Client Profitability over time: Client Performance vs Client Profitability reports in Link Reporting
Understand the difference between performance and profitability reports over time.
Client Profitability over time: Client Performance vs Client Profitability reports in Link Reporting
What is the difference between a Client Performance report and a Client Profitability report? Good question. The Client Performance report is a Work In Progress type report that shows the value of effort that goes into a client or client group vs the invoiced value you generate over a 12 month period. This is why the invoiced values appear negative. This report is used for people who price their services on a retainer basis for calculating what a retainer value should be. The transaction dates used for this report are the individual timesheet, invoice and write/on/off dates. This is very different to the Client Profitability report. The Client Profitability report shows the profit on completed jobs for a specific period. Only completed jobs show on this report as profit is only profit once timesheets, costs and invoices are completed for a job. The report uses the job completed date to determine what appears in this report, not the individual timesheet, disbursement, invoice and write-on/off dates. This means each job is a complete picture of how that job performed. This report is used to determine how valuable a specific client or client group is to your business. A 12 month Client Performance report is unlikely to match a 12 Month Client Profitability report because:
- Timing differences between timesheets, disbursements, invoices, write ons/offs and job completion dates.
- Client Performance includes open jobs or jobs in progress, Client Profitability does not.
- Each month's opening WIP balance and the end of period WIP balance does not appear in the Client Profitability report.
A 12 month Client Profitability report for a specific client or client group is unlikely to match what you see in Xero because:
- Time costs are based on per-hour cost rates per staff member, not wages and salaries.
- Open jobs may have invoices that will appear in Xero but never in the Client Profitability report (because it's not profit yet).
- Timing differences between job completion date (the criteria for this report) and invoice date (the criteria used in Xero)
The Client Performance report is the best basis for a 'Client Profitability over time' type report however it does not include the time cost or direct cost of disbursements incurred on jobs for that client. Although 'Client Profitability over time' looks pretty and looks like a P&L over time - ask yourself - why am I running this report? What decisions do I want to make?

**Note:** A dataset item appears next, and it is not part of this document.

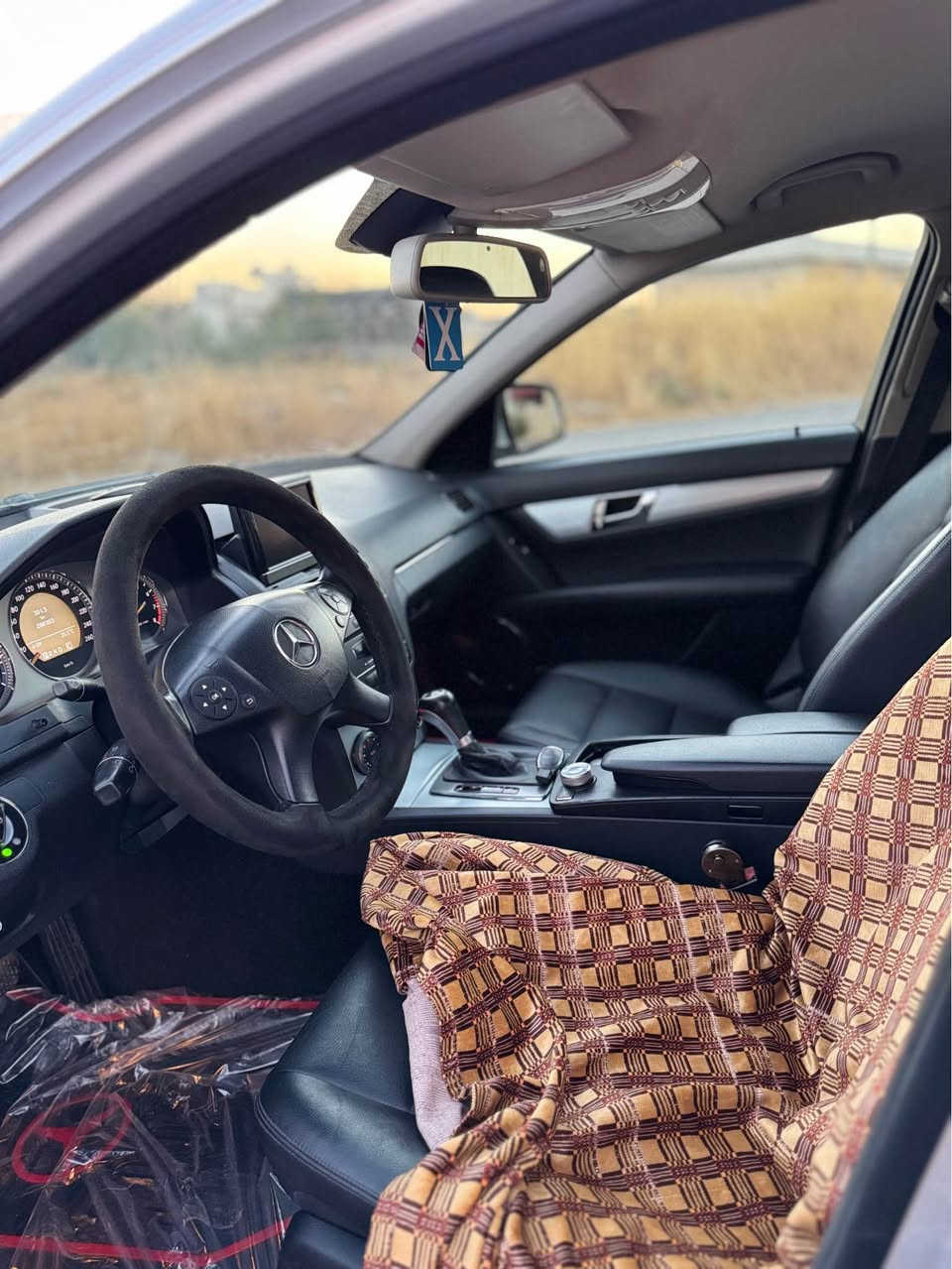 بە ناوی خوای گەورە و میهرەبان مارسیدیس بێنز C280 2010گێر ئۆتۆماتیک ٦ پستۆن مەکینە مەرغوب بێ سەرەتایە کۆدی بۆ کراوە بە ناوی خۆمانەوەیە لۆک لۆکە بێ بۆیاغ  بێ کاڵ بونەوە لەسەر دەقی شەریکە ماوەتەوە کوشن جلدد لۆک کوشن کارەبا تەبرید مەرکەزی شاشە گەورە سەیارەکە بەس ماشاللەی ئەوێ گیرومەکینەی بەشەرت زۆر تازەو جوان ماوەتەوە چوار تایەو ویلی لۆکی لە ژیرە تەبریدی مەزبوت هەموو گیانی بەشەرت سەیارەکە لە جوانیا تاکە مالی دۆستە سعر 88 گەلاو مەعامەلەیەکی کەم  گۆرینەوەش ئەکەم بە شتێ بە دڵم بێ شوین سلیمانی رقم تلفون 🤍***********🤍***********🤍 بنجوين, السليمانية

What benefit do I gain from monthly invoiced value vs cost?
What you are likely to see is wide variability in the profitability shown in each month. This is due to the timing difference between the timesheet date, the disbursement date and the invoiced date. Not due to the performance of your sales or delivery teams, the quality of the work, the busyness of the month or how you've priced your services. Client Profitability over time also does not display the un-invoiced value of time and effort carried forward each month so distorts what profitability is for a particular client in a particular month.